I have a Win2K3 Server system setup now, with IIS, Active Directory, and
Certificate Server, and have been successful in issuing client
certificates from Certificate Server, and setting up IIS doing client
authentication and using the Active Directory Mapping feature (so
sessions get logged in under Windows user names matching the client
certificates).

Now, I am looking into replacing Active Directory with the Active
Directory Application Mode (AD/AM). This would be a clean installation
of Win2K3 Server.

I have just started to research this, but I was wondering what the
experience has been with AD/AM. From an operational standpoint (both
administration and usage), what kinds of things will work differently
when I use AD/AM vs. "regular" AD?

This would be for (purely) running a secure website (under IIS).

Thanks in advance!!!
 
D

Dmitri Gavrilov [MSFT]

You mentioned "Windows user". You can't get rid of AD if you plan to keep
using Windows users. You can use ADAM to store some app data (even about
users), but you still need AD as the user store. ADAM supports
authentication of windows users (by forwarding auth requests to the OS).
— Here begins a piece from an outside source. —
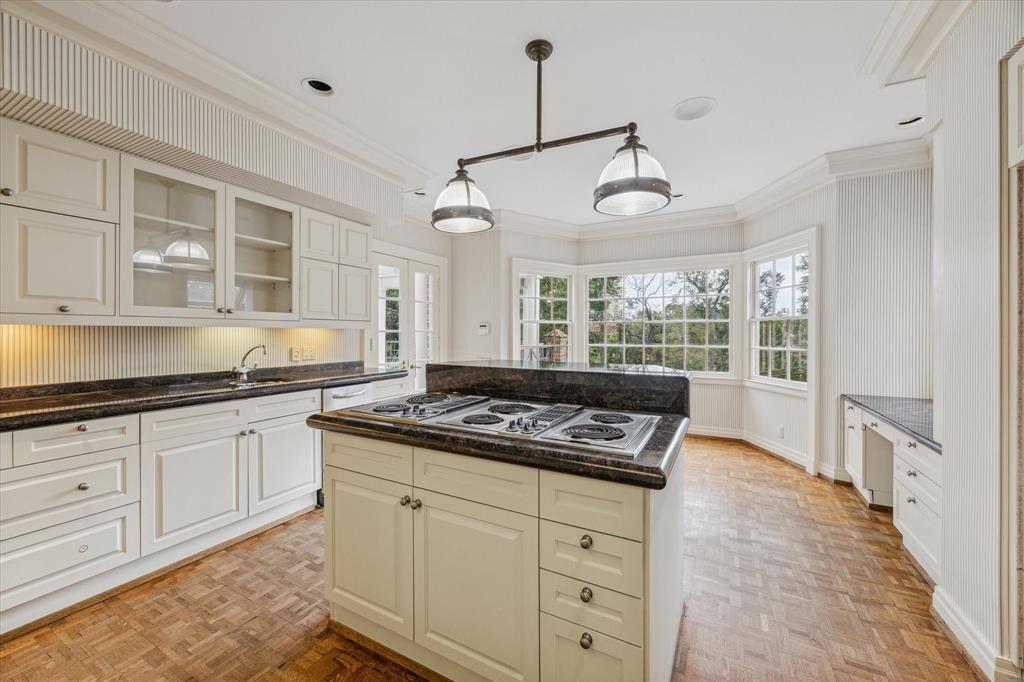 8 Shadder Way, Houston, Texas image 13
If you need "nice audit logs" etc, then you need windows users. If you want
to auth with a client cert, you need to use windows users. Only simple bind
auth is supported for ADAM users. OS and IIS know nothing about ADAM and
ADAM users, thus they can't log ADAM users names.

--
Dmitri Gavrilov
SDE, Active Directory Core

This posting is provided "AS IS" with no warranties, and confers no rights.
Use of included script samples are subject to the terms specified at
http://www.microsoft.com/info/cpyright.htm

Ohaya said:
Eric and Dmitri,

I am really new to this (just found out about the AD/AM bit recently).
Prior to that, I was very happy (dumb, but happy :)), getting AD,
Certificate Server, and IIS all working together nicely.

As some background (maybe somewhat redundant), I had things setup and
working so that I could issue/install client certs into client machines
using the Certsrv, and then had clients doing secure SSL connection with
IIS, and then had the session running/logged under the appropriate
Windows user name via the Active Directory Mapper.

In addition just the user authentication aspect of all this, since the
mapping to Windows users works the way it does, we got a nice audit
trail (in the IIS logs) of activity-by-individual-user.

Now, with the introduction of AD/AM into all of this (or replacement of
AD by AD/AM, I think), I'm trying to understand how to "replicate" the
functionality described in the above paragraph.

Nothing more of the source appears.